Desa Batu Pahat jadi satu dari enam desa yang belum bisa diakses listrik negara di Kabupaten Sekadau. Kondisi geografis dan kepadatan penduduk jadi beberapa alasan. Lima desa lain adalah Desa Teluk Kebau, Desa Landau Apin, Desa Tembaga, Desa Karang Betung, dan Desa Landau Kumpai. Namun kini, empat desa sudah mandiri listrik. Setidaknya, untuk penerangan di malam hari.
Adalah Riyan Hidayat (29), putra asli Batu Pahat yang memulai semuanya. Pengalaman sepuluh tahun bergelut di pengembangan sumber daya manusia di Kota Pontianak, membuatnya ingin memecahkan bisul keresahan di kepalanya. Pulang ke Nanga Mahap tahun 2018, kampung halamannya belum teraliri listrik.
Ada banyak pilihan sumber energi yang ditawarkan tanah kelahirannya. Tanah khatulistiwa. Sungai, angin, matahari. Namun pilihannya jatuh ke tenaga surya yang bisa dinikmati hampir di semua pedalaman Sekadau.
“Yang paling mendukung adalah panel surya, karena ketersediaan matahari kita biasanya lebih dari 8 jam per hari,” kata Riyan.
Ide sudah ada, akan tetapi implementasi jelas beda. Harga komponen panel surya yang tak murah, tak bisa dijangkau semua kepala rumah tangga. Sempat berdiskusi dengan beberapa teman tentang niatnya, seseorang lantas mengiyakan. Seorang rekan yang sudah lama mengidamkan aliran listrik di rumahnya.
Rekannya membeli semua kebutuhan dan Riyan fokus di pemasangan. Dia memberikan edukasi bagaimana PLTS berumur panjang. Hingga kini, panel yang menjadi cikal bakal listrik di empat desa masih beroperasi.

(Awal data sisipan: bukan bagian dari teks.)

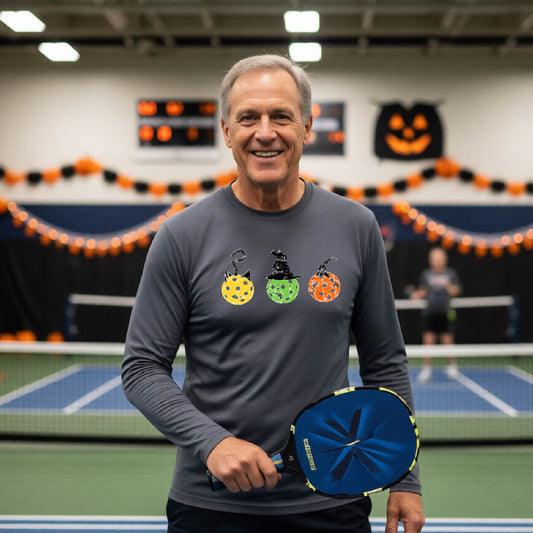Mens Funny Halloween Pickleball Shirt Spooky Pickleball Long-Sleeve T-Shirt Moisture-Wicking Gift for Pickleball Players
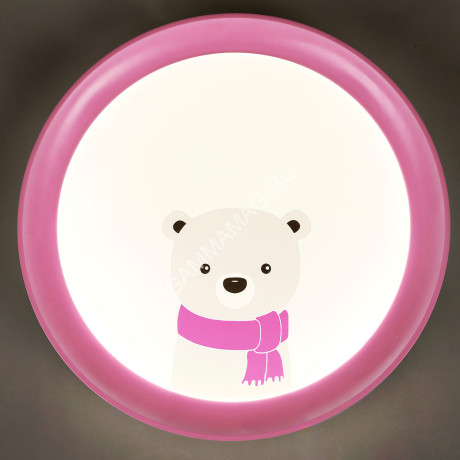 Светильник светодиодный акриловый 400мм 48W 6016P/24W*2 pink 3 реж., пульт VERNER LIGHTING *1/10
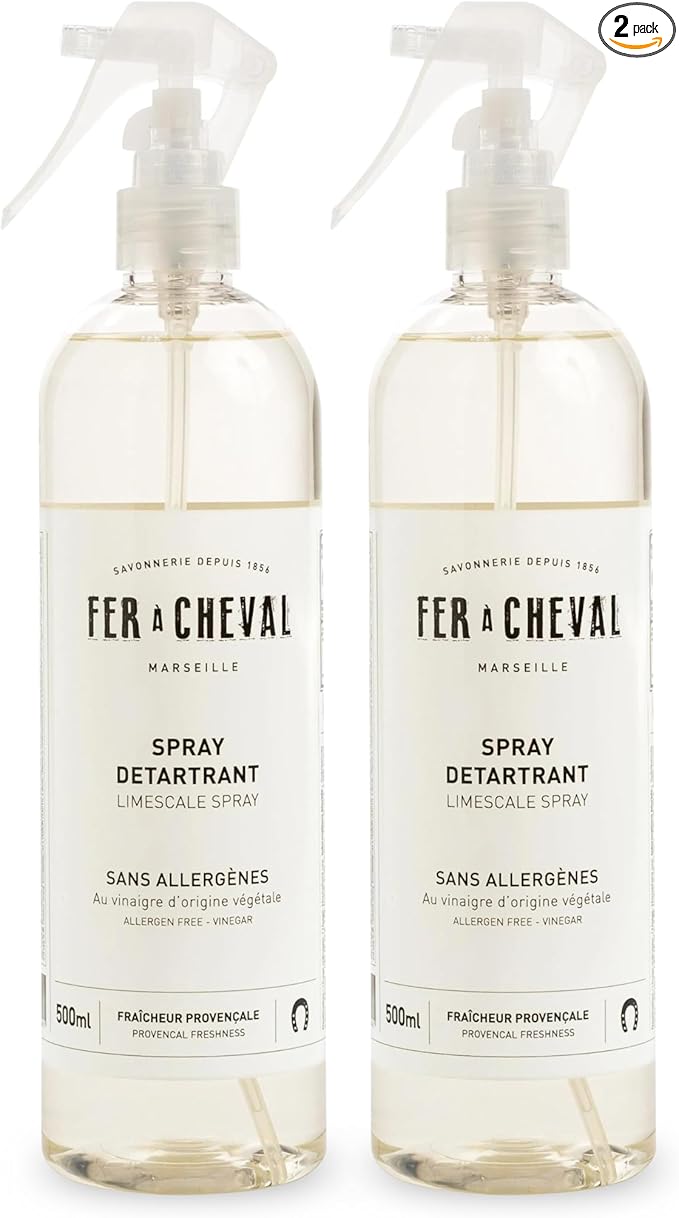 Fer à Cheval Limescale Spray 500 ml/16.9 fl oz (2 Pack) – Plant-Origin Multi-Surface Cleaner for Hard Water Marks and Soap Residue Made in France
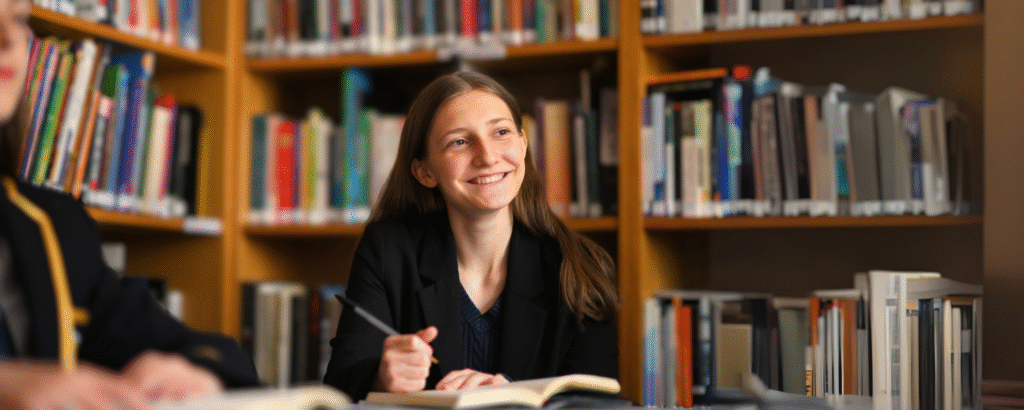 Queen's College pupil smiling in a classroom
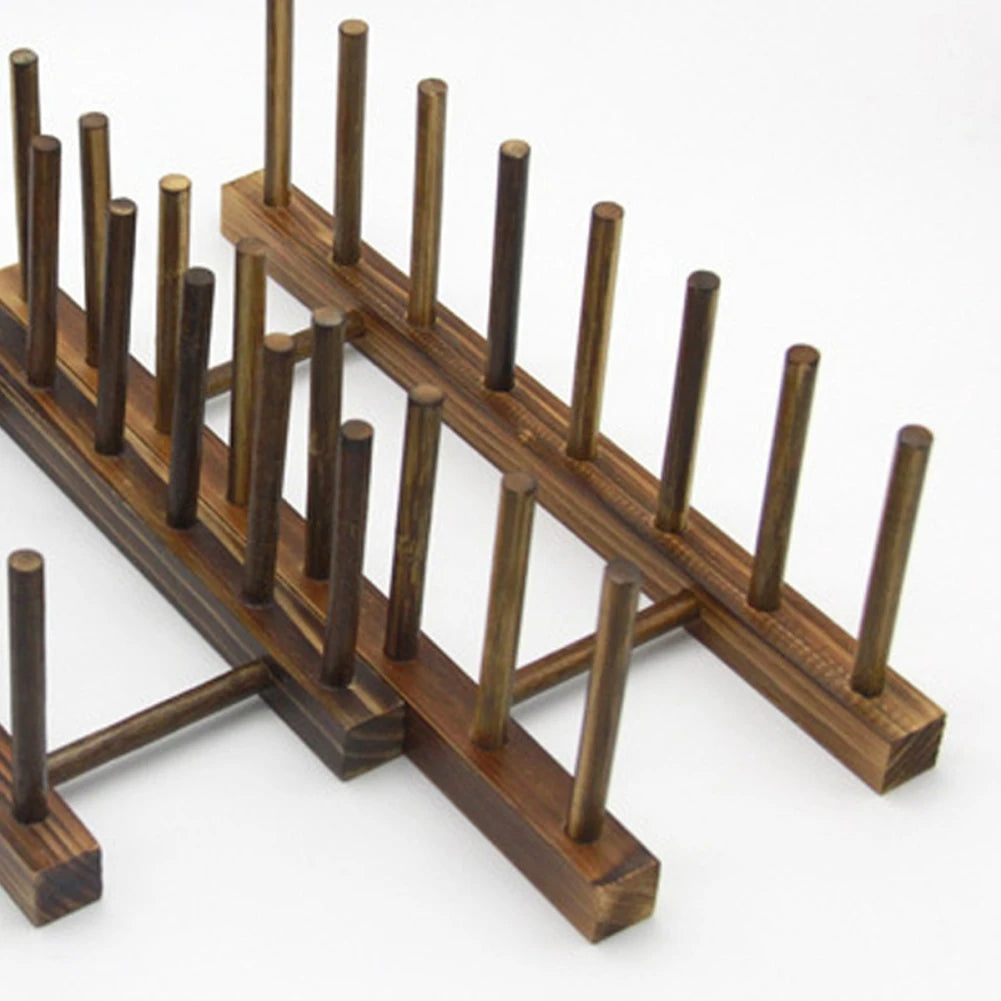 Wooden Dish Drain Rack Dinnerware Storage Organizer Tray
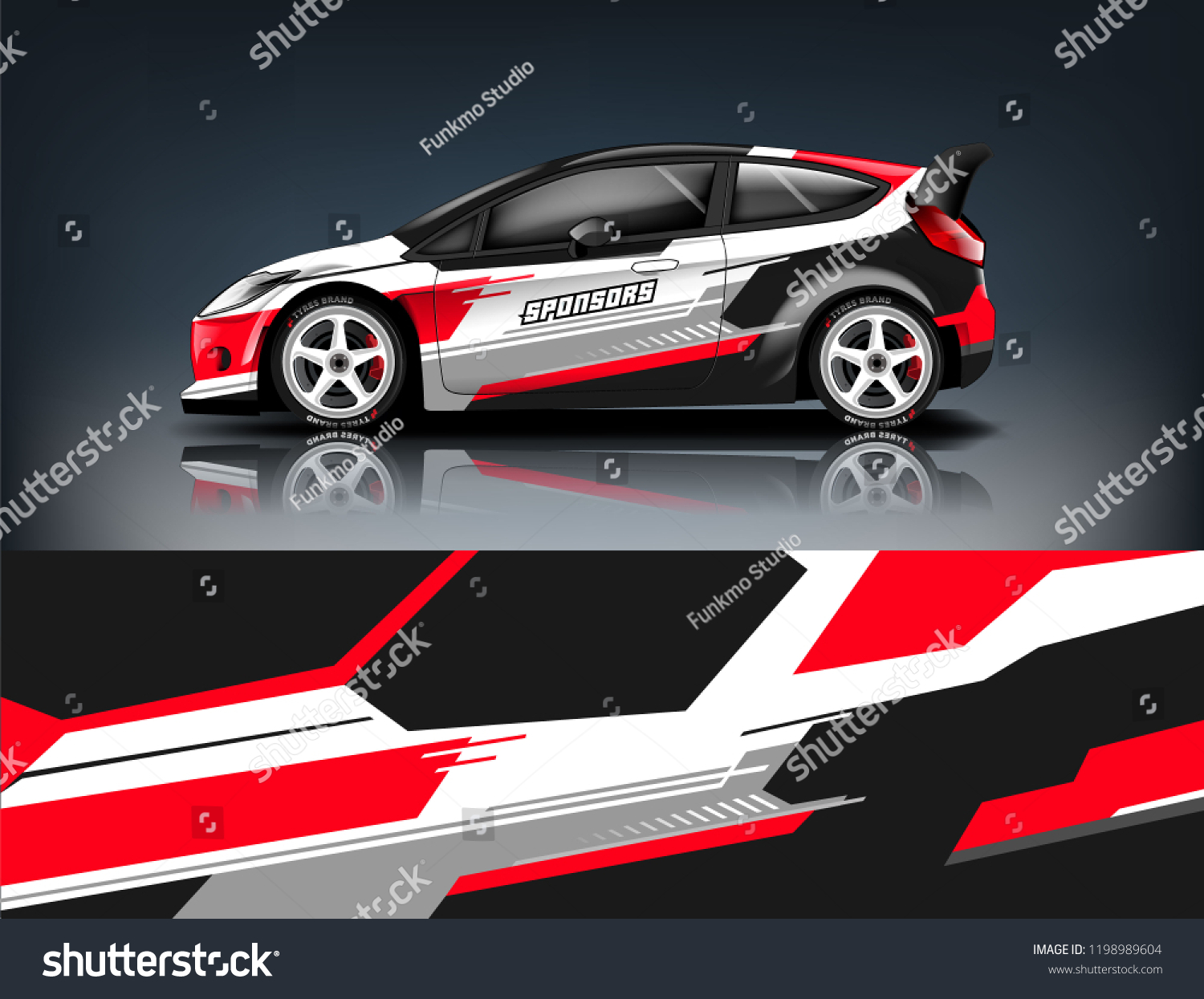 Car decal wrap design vector. Graphic abstract stripe racing background kit designs for vehicle, race car, rally, adventure and livery
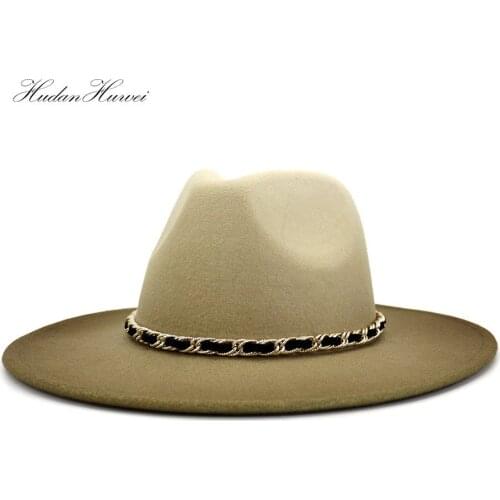 2021 Wholesale European American British Classic Men Women Painted Jazz Panama Woolen Felt Fedora Hat for Fall Winter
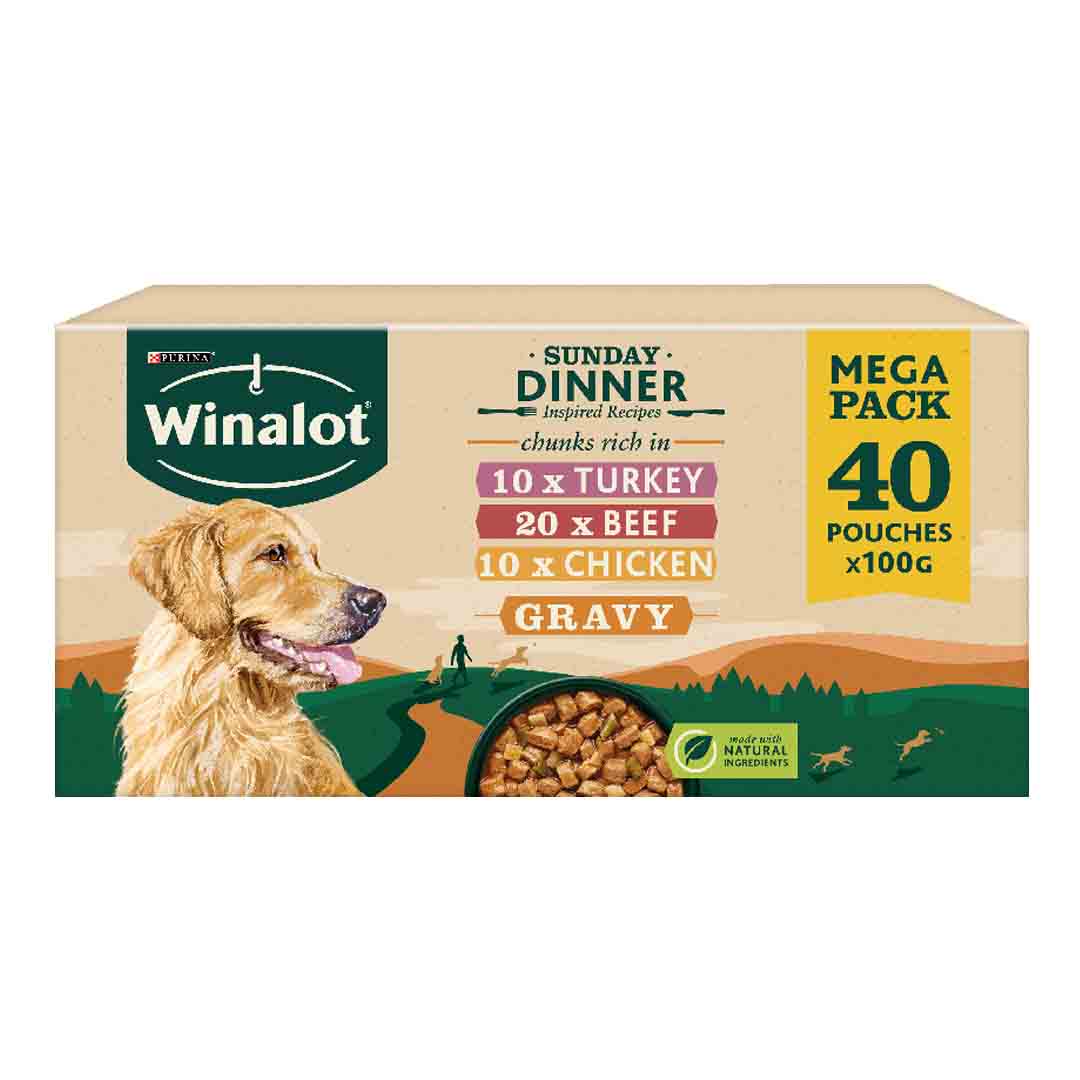 Winalot Winalot Sunday Dinner Beef Chicken Turkey Adult Wet Dog Food pet food packaging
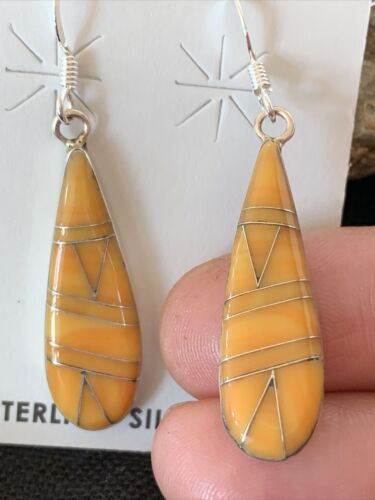 Navajo Orange Spiny Oyster Inlay Earrings | Sterling Silver | 1.5" | Authentic Native American Handmade | 976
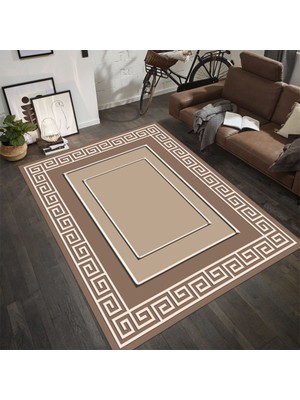 İnka Halı Antibakteriyel Yıkanabilir Kaymaz Dot Taban Dijital Baskı Salon Halısı MRC404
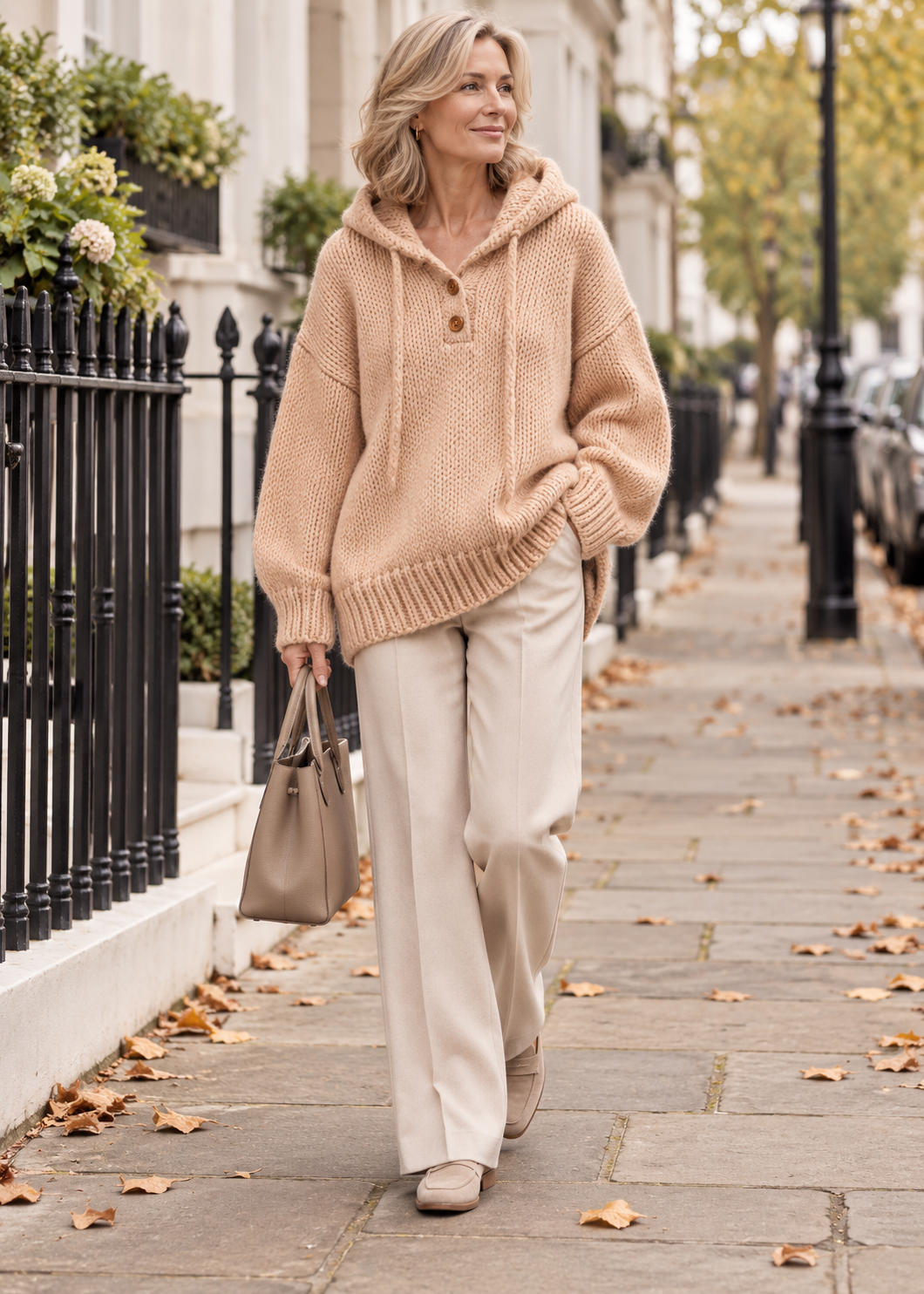 Marlowe Apricot hooded knitted top worn in London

“Ketika yang bersangkutan menggunakan panel surya, kami jadikan sampel. Mulailah kami promosikan ke Pemerintah Desa, karena mereka punya anggaran melalui dana desanya yang memang bisa diarahkan hal itu. Ini juga mendukung satu dari 18 SDGs yaitu ‘Desa yang Berenergi Bersih dan Terbarukan’,” jelasnya.
Dari sanalah gotong-royong matahari itu bermula. Tidak hanya Pemerintah Desa, warga yang ekonominya cukup juga ambil bagian. Pasalnya, untuk satu set PLTS sederhana, harganya bisa mencapai Rp5 juta. Riyan putar otak. PLTS semi komunal akhirnya jadi jawaban.
“Jadi satu set panel surya untuk tiga rumah, jadi fokusnya untuk penerangan,” katanya.
PLTS semi komunal yang berisi satu panel sanggup menerangi tiga rumah. Setiap rumah dipasang tiga buah lampu Dc 12 volt. Warga juga bisa memanfaatkan listrik matahari itu untuk mengecas ponsel atau senter atau alat yang bertegangan lima volt.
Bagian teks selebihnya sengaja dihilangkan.